Tekeyan’s words came to life as they were read aloud, stirring sentiments of a hundred years of suffering. Vahan Tekeyan was a late 19th to mid-20th century Armenian poet and social activist. Regarded as one of the greatest Western Armenian poets, Tekeyan was one of few major poets to survive the Genocide. Consequently, the trials and tribulations of the Armenian people are deeply interwoven in many of Tekeyan’s works. However, many of Tekeyan’s poems also present a hopeful vision of Armenia and the Armenian people—a vision of peace.
Neglected for many years in the English-speaking world, Vahan Tekeyan’s poems took center stage on the evening of September 19 as part of the Fall Lecture Series of the Fresno State Armenian Studies Program. The focus of the lecture was to introduce the newly published Vahan Tekeyan: Selected Poems and to present a second book Vahan Tekeyan – Hadendir.
The lecture brought author and literary critic Edmond Azadian, Dr. Arpi Sarafian of California State University, Los Angeles, and Dr. Tamara Hovhannisyan of the Monterey Institute of International Studies to Fresno State. The distinguished speakers discussed the significance of translating the work of Armenian authors, the significance of Tekeyan’s work, and most importantly the significance of the newly published volume.

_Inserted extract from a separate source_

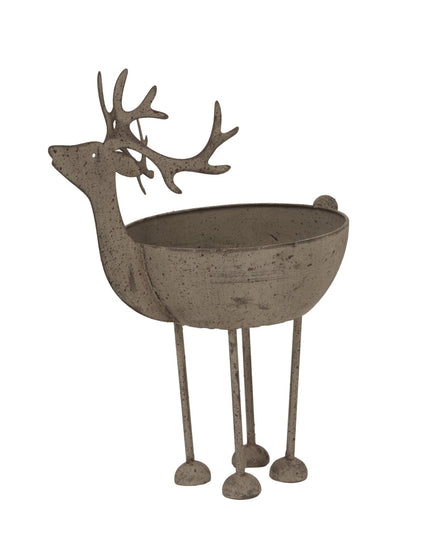 Large Rustic Metal Reindeer Bowl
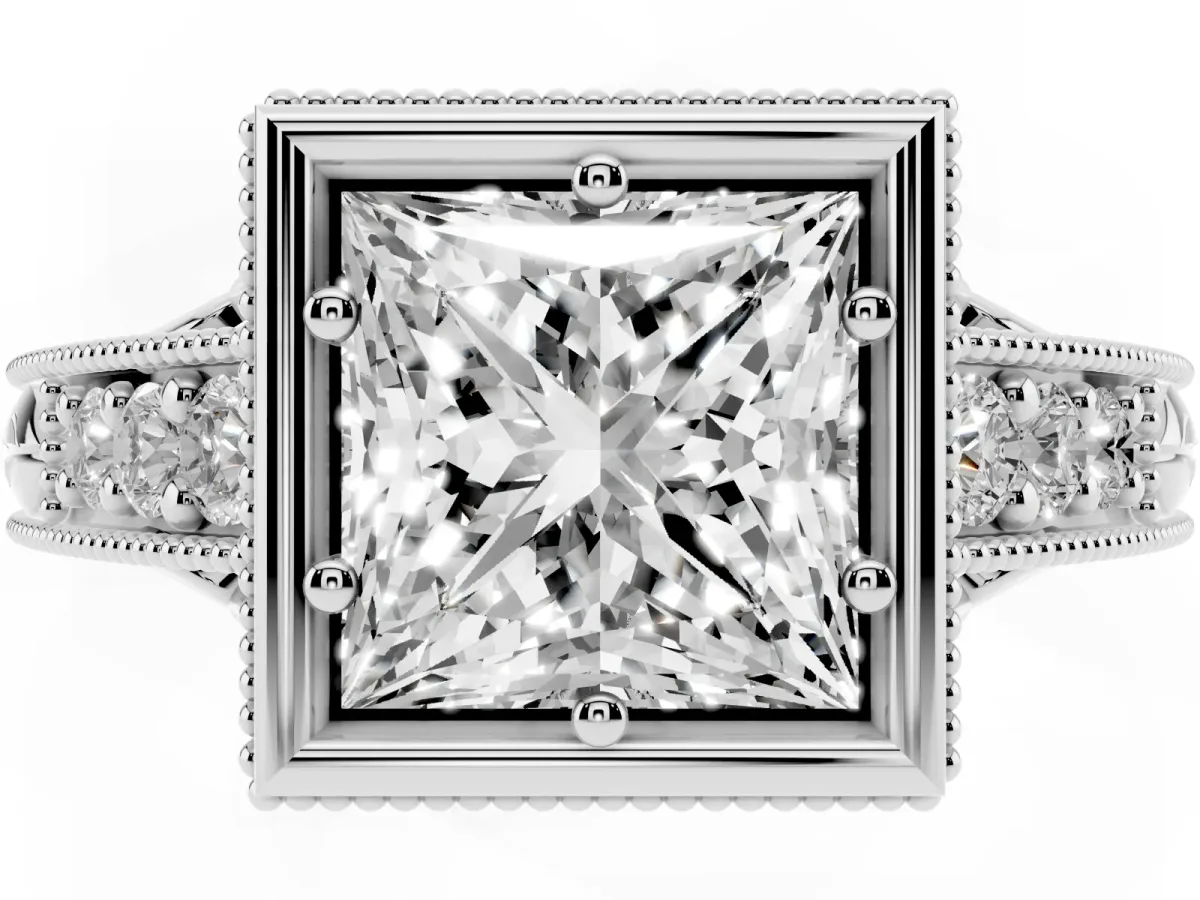 Bezel Set Princess Cut Diamond Milgrain Pave Engagement Ring Silver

Although translating poetry exactly is an impossible task, Dr. Sarafian noted that “the effort to translate must be made whenever it is possible.” Drawing parallels to the classics, Dr. Sarafian highlighted Tekeyan’s “questioning of the benevolent and the divine being, his indignation of man’s inhumanity to man,” as well as other universal concerns, that also offer invaluable knowledge of human nature and the human experience. For this reason, Dr. Sarafian emphasized that “it would be wrong to keep the beauty and the power of these concerns locked in the Armenian language.”
Dr. Tamara Hovhannisyan gave an in-depth analysis of the poetics of Vahan Tekeyan and discussed the emotional aspects of his work. Her remarks in Armenian, focused on the Armenian language Hadendir, written by Edmond Azadian, which has shed new light on Tekeyan’s life and work.
Yet there is perhaps an even greater significance in the release of Vahan Tekeyan: Selected Poems. Published as part of the Armenian Series of The Press at California State University, Fresno under the editorship of Professor Barlow Der Mugrdechian, Vahan Tekeyan is now the 5th volume in the Armenian Series. Moreover, unlike the Hadendir, which is written in Armenian and is aimed towards intellectuals and scholars in Armenia, Edmond Azadian pointed out that “the bilingual volume (Vahan Tekeyan: Selected Poems) is directed towards non-Armenians and to the Armenian young generation who are eager to learn and internalize their legacy in the culture of Armenian literature.”
Indeed with each new addition in the Armenian Series of The Press, more awareness of the Armenian culture is brought to the non-Armenian communities at Fresno State and the greater community, and a new medium is created by which the Armenian heritage can be preserved and passed on to the new generations of Armenians.